## [To do]
From the entries, return every line where the string "image" shows up.

## [Source material]

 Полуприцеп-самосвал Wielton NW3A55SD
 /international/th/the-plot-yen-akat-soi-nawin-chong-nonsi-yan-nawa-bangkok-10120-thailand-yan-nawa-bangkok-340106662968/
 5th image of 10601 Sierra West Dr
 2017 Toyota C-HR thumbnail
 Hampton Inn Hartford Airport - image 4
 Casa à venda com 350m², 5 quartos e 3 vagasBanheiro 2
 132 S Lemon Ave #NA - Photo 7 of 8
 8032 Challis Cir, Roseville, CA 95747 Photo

==

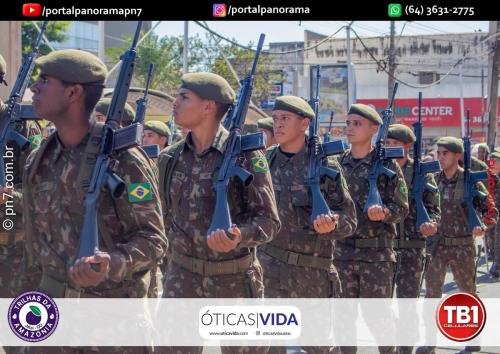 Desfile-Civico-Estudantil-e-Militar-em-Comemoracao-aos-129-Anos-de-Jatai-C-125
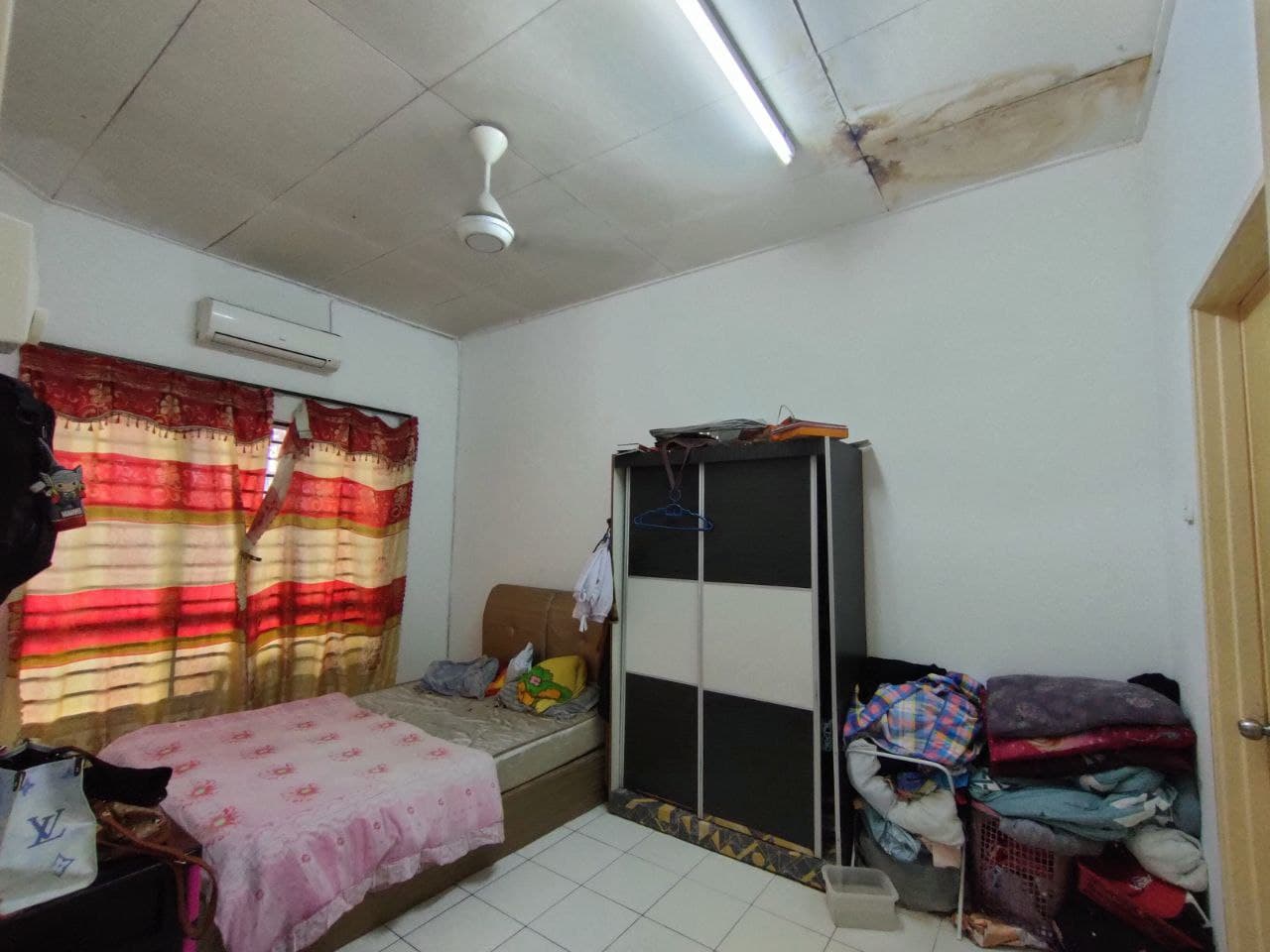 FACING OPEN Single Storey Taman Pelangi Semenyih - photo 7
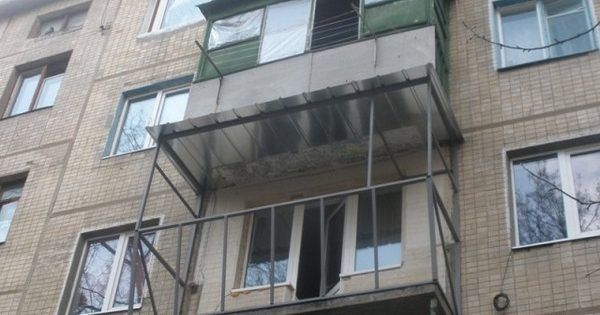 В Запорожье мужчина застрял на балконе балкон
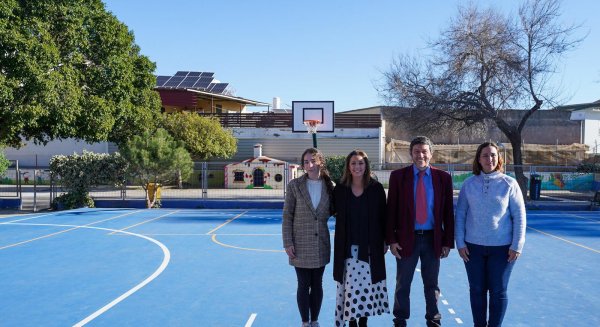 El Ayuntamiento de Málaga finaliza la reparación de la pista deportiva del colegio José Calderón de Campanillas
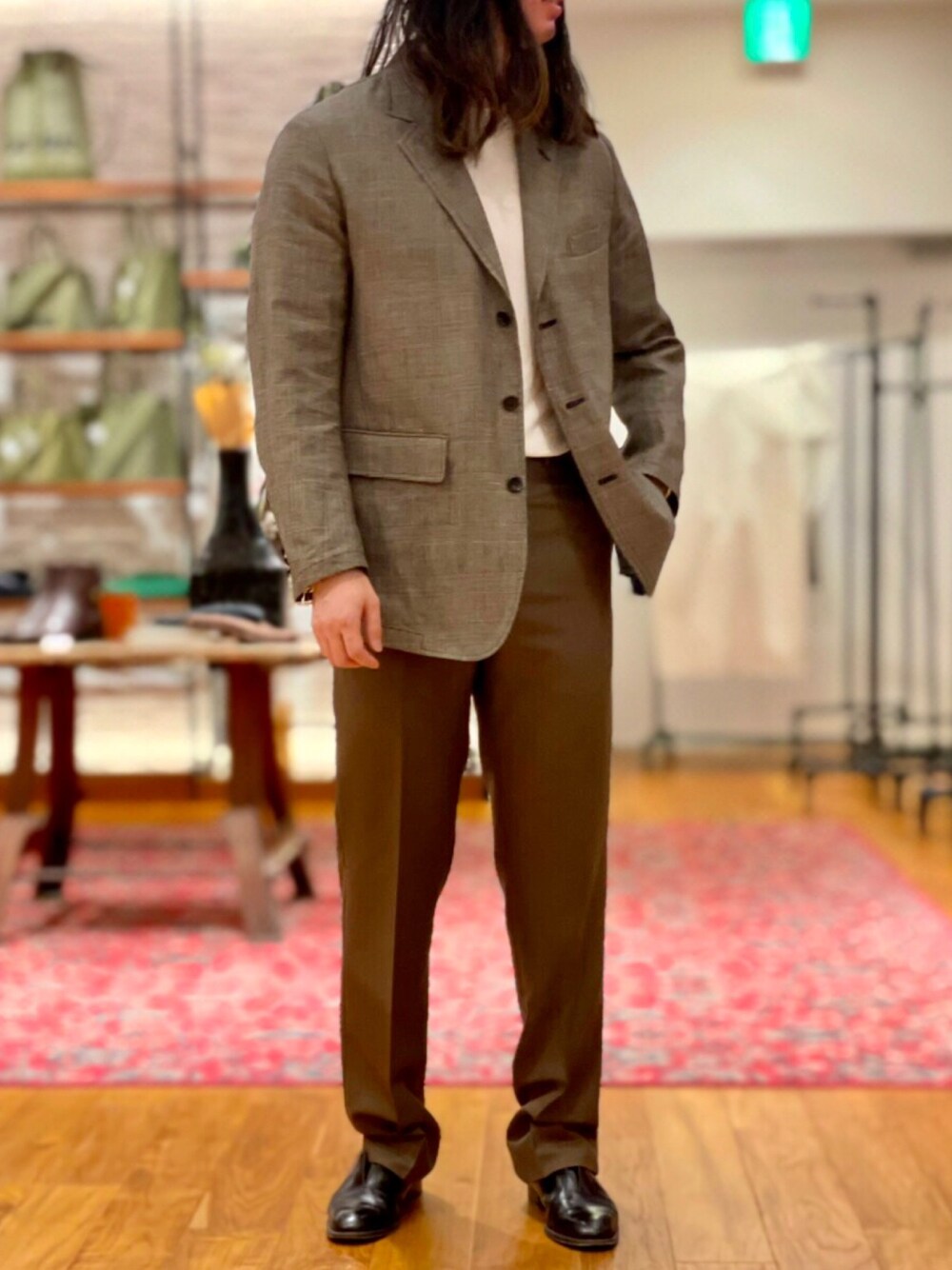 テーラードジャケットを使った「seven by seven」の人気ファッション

## [Written answer]
 5th image of 10601 Sierra West Dr
 Hampton Inn Hartford Airport - image 4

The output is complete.